O Governo do Estado está comprometido em agilizar o processo de aquisição de recursos materiais para a manutenção do sistema de saúde, como respiradores e epi’s, e para atender à necessidade emergencial de ampliação e aparelhamento das unidades de tratamento das pessoas infectadas pela Covid-19. Este é o principal compromisso assumido no acordo encaminhado pelo Ministério Público do Rio Grande do Norte (MPRN) e Ministério Público Federal. O documento foi publicado na edição extraordinária do Diário Oficial do Estado (DOE) deste domingo (22) e contará também com homologação judicial perante o Tribunal de Justiça do Estado e a Justiça Federal.

O propósito do Termo de Ajustamento de Conduta (TAC) encaminhado pelo MPRN e MPF é ajustar procedimentos para aquisição de bens, insumos, medicamentos, equipamentos hospitalares, epi´s, entre outros, destinados ao enfrentamento emergencial da grave crise provocada pelo coronavírus, causador da Covid-19. Para isso, o Estado deve observar prioritariamente as disposições da Lei federal nº 13.979, de 6 de fevereiro de 2020, que dispõe sobre as medidas para enfrentamento da emergência de saúde pública de importância internacional decorrente do coronavírus

O acordo também prevê o compromisso do Governo em efetuar fiscalização ininterrupta, por meio da Controladoria-Geral do Estado, dos procedimentos e processos de aquisição direta, indenizatórios e requisições, podendo expedir orientações, sempre que necessário ao aperfeiçoamento dos métodos utilizados, que serão obrigatoriamente observadas.
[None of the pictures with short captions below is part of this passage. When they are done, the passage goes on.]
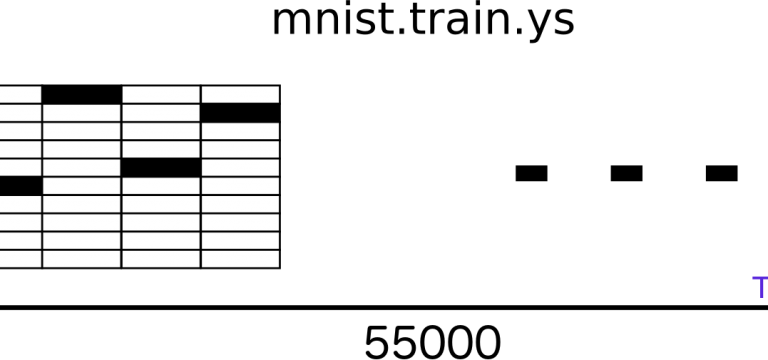 mnist-train-ys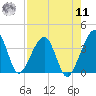 Oak Landing tide chart for Thursday, August 11, 2022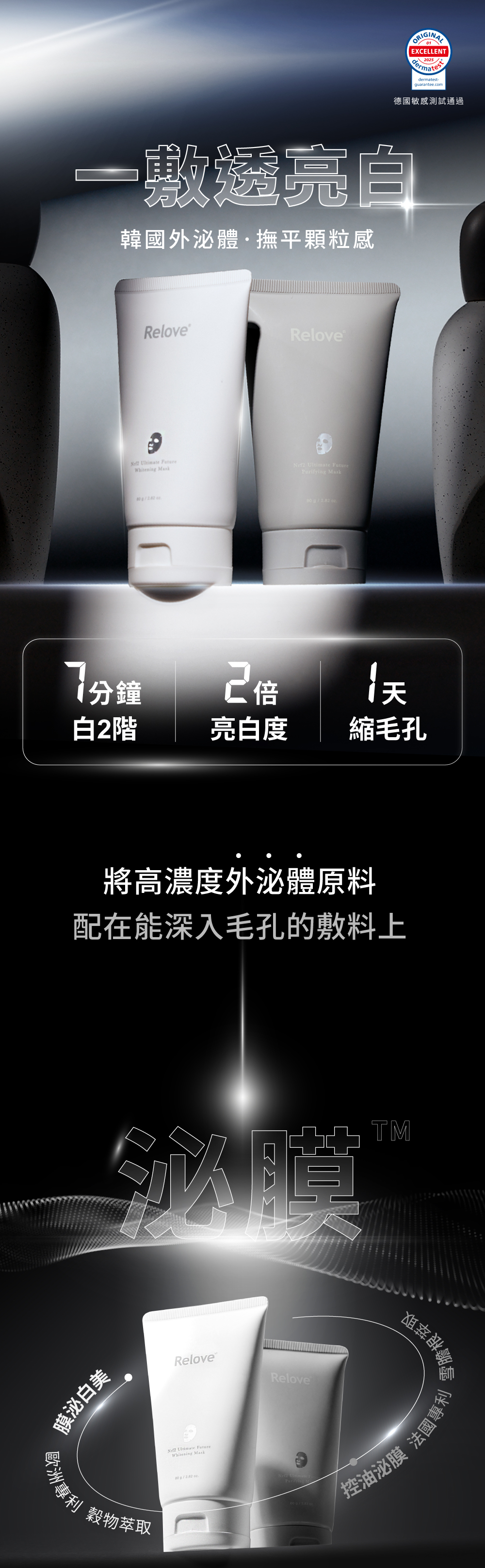 韓國專利2仟億美肌菌外泌體，撫平顆粒感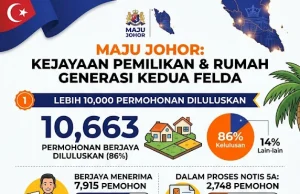 MAJU JOHOR: Lebih 10,000 Permohonan Rumah Dan Tanah Generasi Kedua FELDA Diluluskan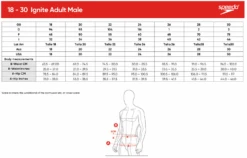 Speedo Fastskin LZR Ignite Jammer - Black -Swim District Speedo Ignite Mens SizeGuide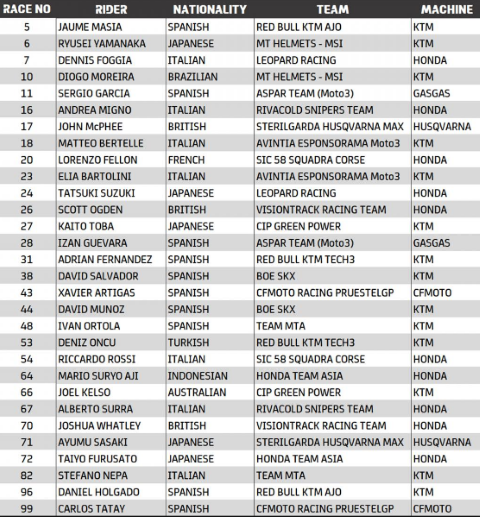 Moto3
O TAC reforça que essa situação de excepcionalidade do modo de aquisição de compras restringe-se ao período em que durar a declaração de Situação de Emergência de Saúde Pública de Importância Nacional, declarada por meio de portaria específica do Ministério da Saúde.

“A informação do Estado é que, nesse momento, não há problema financeiro para garantir essas aquisições. Naturalmente, a situação pode se alterar nas próximas semanas, o que será informado a todos. Há alguma dificuldade para disponibilidade de tais equipamentos para compra no mercado, mas já há aquisições realizadas e outras em curso”, explicou o procurador-geral de Justiça, Eudo Leite.

O Governo do Estado tem o prazo de 72 horas para enviar ao Ministério Público a relação de bens, insumos, medicamentos, equipamentos, entre outros itens.